Question

A 108 A current circulates around a 2.40-mm-diameter superconducting ring.


1. What is the ring's magnetic dipole moment?

2. What is the on-axis magnetic field strength 4.70 cm from the ring?

Answer 1

Concepts and reason

The concepts required to solve this problem is the magnetic moment and the magnetic field.

Initially, calculate the magnetic moment using the current and the area and the area can be calculated by the diameter of the ring. Then, calculate the magnetic field using the expression of the magnetic field at a point on the axis of a current carrying circular loop.

Fundamentals

The expression of the magnetic moment is,

$\mu = IA$

Here, $\mu$ is the magnetic moment, I is the current, and A is the area.

The expression of the magnetic field at a point on the axis of a current carrying circular loop is,

$B = \frac{{{\mu _0}}}{{4\pi }}\frac{{2\pi I{R^2}}}{{{{\left( {{x^2} + {R^2}} \right)}^{3/2}}}}$

Here, B is the magnetic field, ${\mu _0}$ is the permeability of free space, R is the radius of the ring, x is the distance of point from the center of the loop, and I is the current.

(1)

The area of the circular loop is,

$A = \pi {\left( {\frac{d}{2}} \right)^2}$

The expression of the magnetic moment is,

$\mu = IA$

Substitute $\pi {\left( {\frac{d}{2}} \right)^2}$ for A.

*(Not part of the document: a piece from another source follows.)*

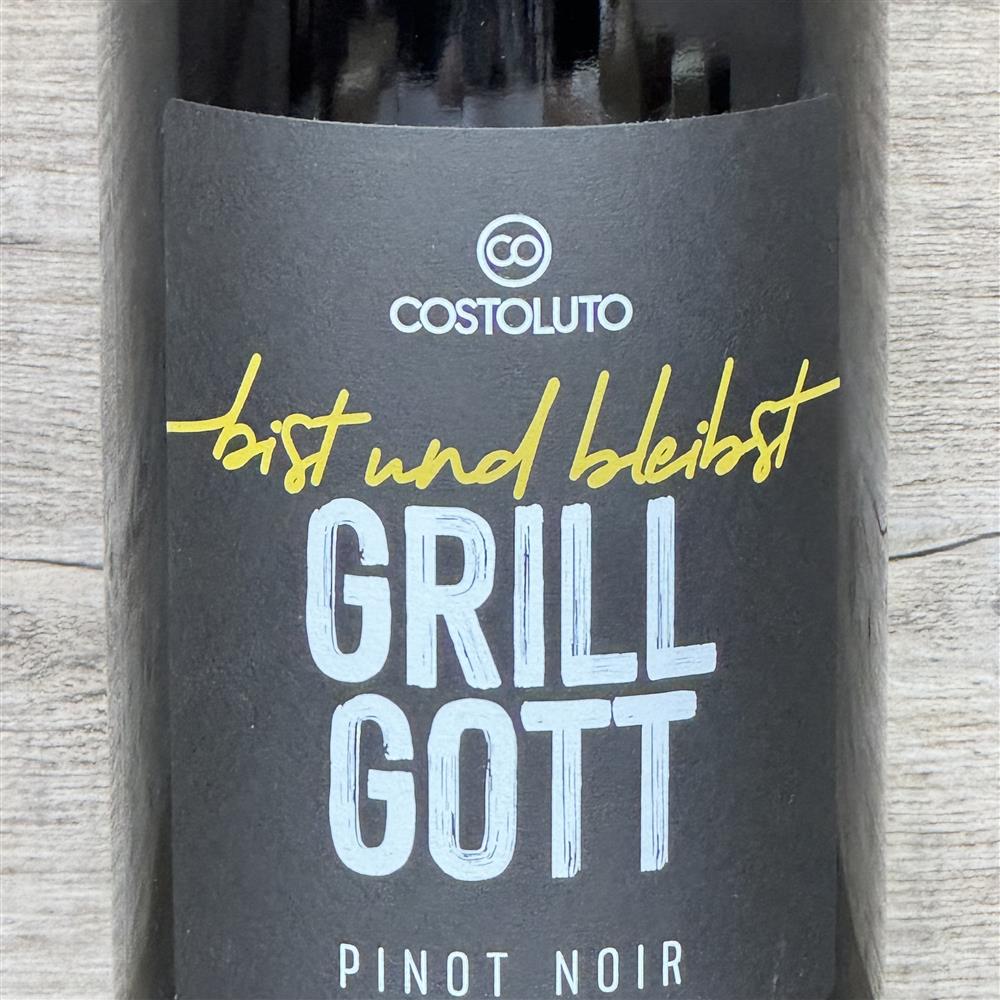 Geschenkpaket 'Grillgott', personalisierte Grillzange und Weinflasche Grillgott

$\mu = I\pi {\left( {\frac{d}{2}} \right)^2}$

Substitute 108 A for I and 2.40 mm for d in equation $\mu = I\pi {\left( {\frac{d}{2}} \right)^2}$.

$\begin{array}{c}\\\mu = \left( {108{\rm{ A}}} \right)\pi {\left( {\frac{{2.40{\rm{ mm}}}}{2}\left( {\frac{{{{10}^{ - 3}}{\rm{ m}}}}{{1{\rm{ mm}}}}} \right)} \right)^2}\\\\ = 4.89 \times {10^{ - 4}}{\rm{ A}} \cdot {{\rm{m}}^2}\\\end{array}$

(2)

The radius R is,

$R = \frac{d}{2}$

Substitute 2.40 mm for d in equation $R = \frac{d}{2}$.

$\begin{array}{c}\\R = \left( {\frac{{2.40{\rm{ mm}}}}{2}} \right)\left( {\frac{{{{10}^{ - 3}}{\rm{ m}}}}{{1{\rm{ mm}}}}} \right)\\\\ = 1.20 \times {10^{ - 3}}{\rm{ m}}\\\end{array}$

The magnetic field at a point on the axis of a current carrying circular loop is,

$B = \frac{{{\mu _0}}}{{4\pi }}\frac{{2\pi I{R^2}}}{{{{\left( {{x^2} + {R^2}} \right)}^{3/2}}}}$

Substitute $1.20 \times {10^{ - 3}}{\rm{ m}}$ for R, $4\pi \times {10^{ - 7}}{\rm{ T}} \cdot {\rm{m/A}}$ for ${\mu _0}$, and 4.70 cm for x.

$\begin{array}{c}\\B = \frac{{4\pi \times {{10}^{ - 7}}{\rm{ T}} \cdot {\rm{m/A}}}}{{4\pi }}\frac{{2\pi \left( {108{\rm{ A}}} \right){{\left( {1.20 \times {{10}^{ - 3}}{\rm{ m}}} \right)}^2}}}{{{{\left( {{{\left( {4.70{\rm{ cm}}\left( {\frac{{{{10}^{ - 2}}{\rm{ m}}}}{{1{\rm{ cm}}}}} \right)} \right)}^2} + {{\left( {1.20 \times {{10}^{ - 3}}{\rm{ m}}} \right)}^2}} \right)}^{3/2}}}}\\\\ = 9.40 \times {10^{ - 7}}{\rm{ T}}\\\end{array}$

Ans: Part 1

The magnetic moment of the ring is $4.89 \times {10^{ - 4}}{\rm{ A}} \cdot {{\rm{m}}^2}$.

Part 2

The magnetic field is $9.40 \times {10^{ - 7}}{\rm{ T}}$.